[Exercise details]
Copy all data exactly. Skip pictures.

[Data extract]
Start of Block

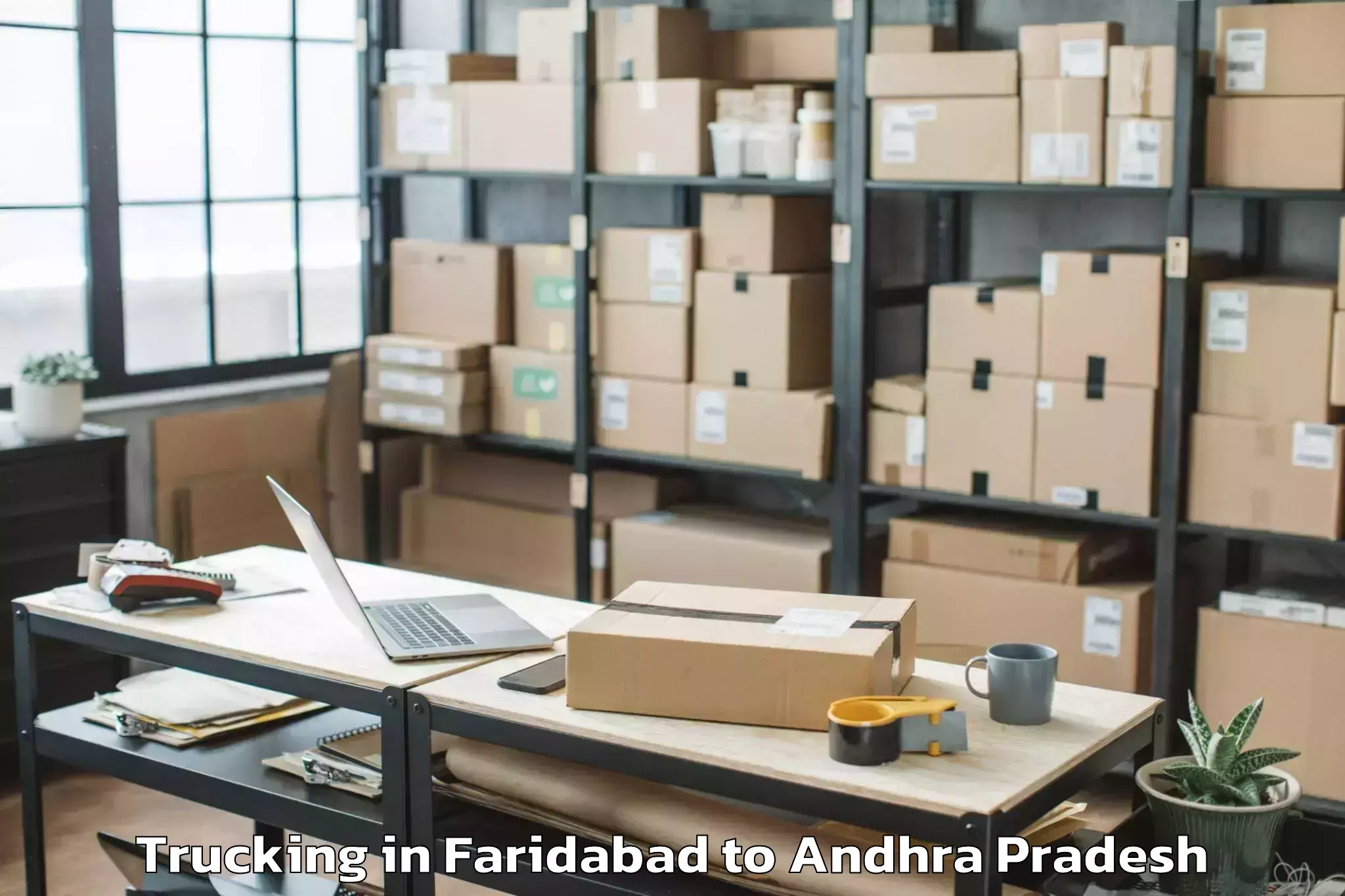 Book Faridabad to Komarolu Trucking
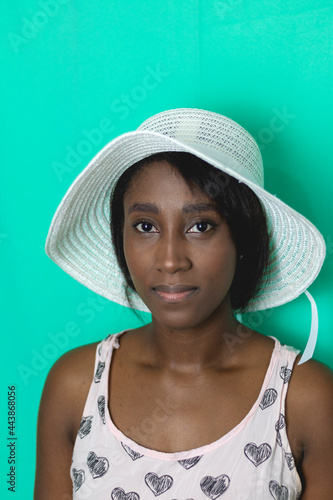 Young African American woman with vintage pink dress, hat and green background, in the city of Cali Valle del Cauca Colombia.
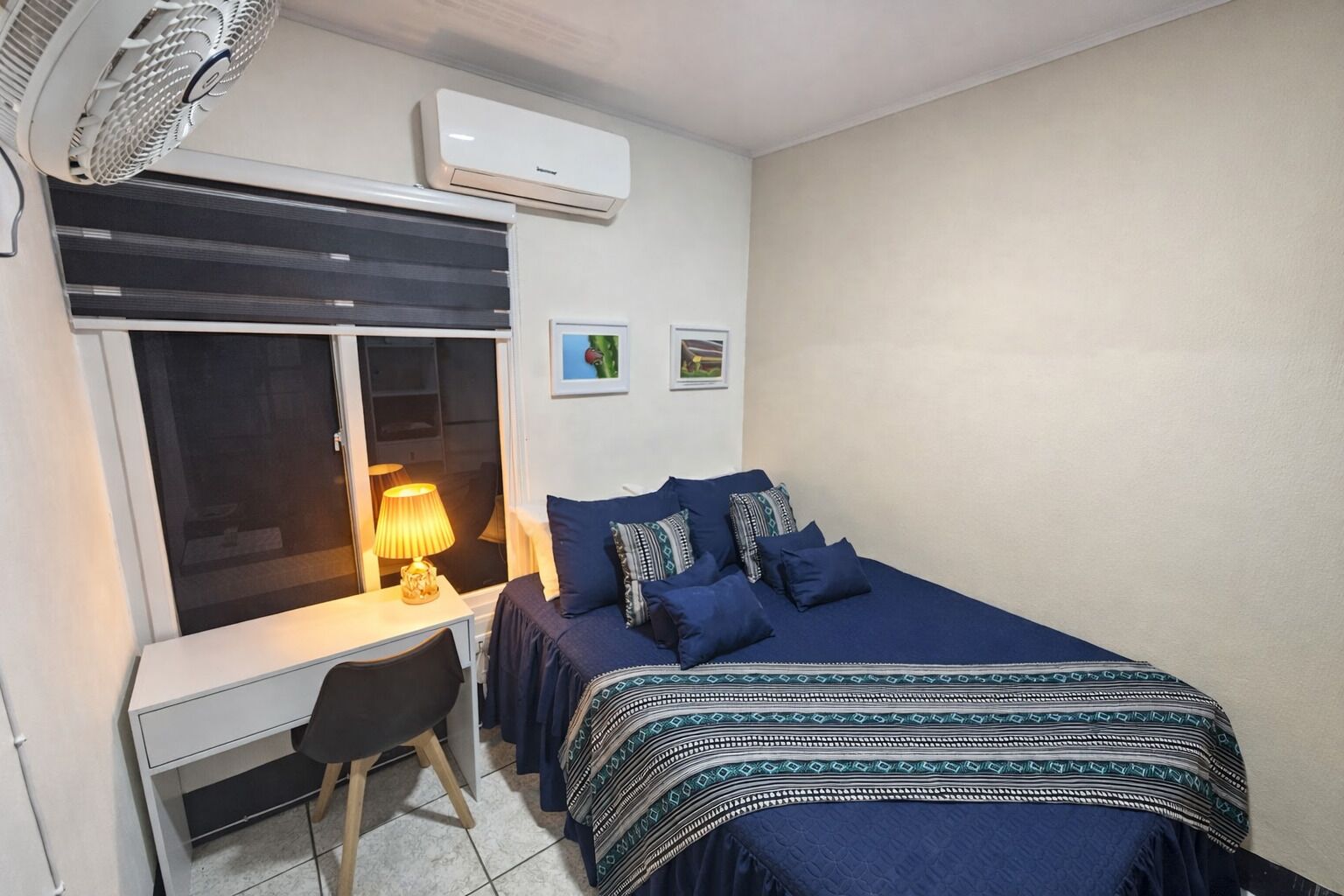 Un dormitorio con cama, escritorio, silla, aire acondicionado y ventana con persianas.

End of Block

[Result for this task]
 Book Faridabad to Komarolu Trucking
 Young African American woman with vintage pink dress, hat and green background, in the city of Cali Valle del Cauca Colombia.
 Un dormitorio con cama, escritorio, silla, aire acondicionado y ventana con persianas.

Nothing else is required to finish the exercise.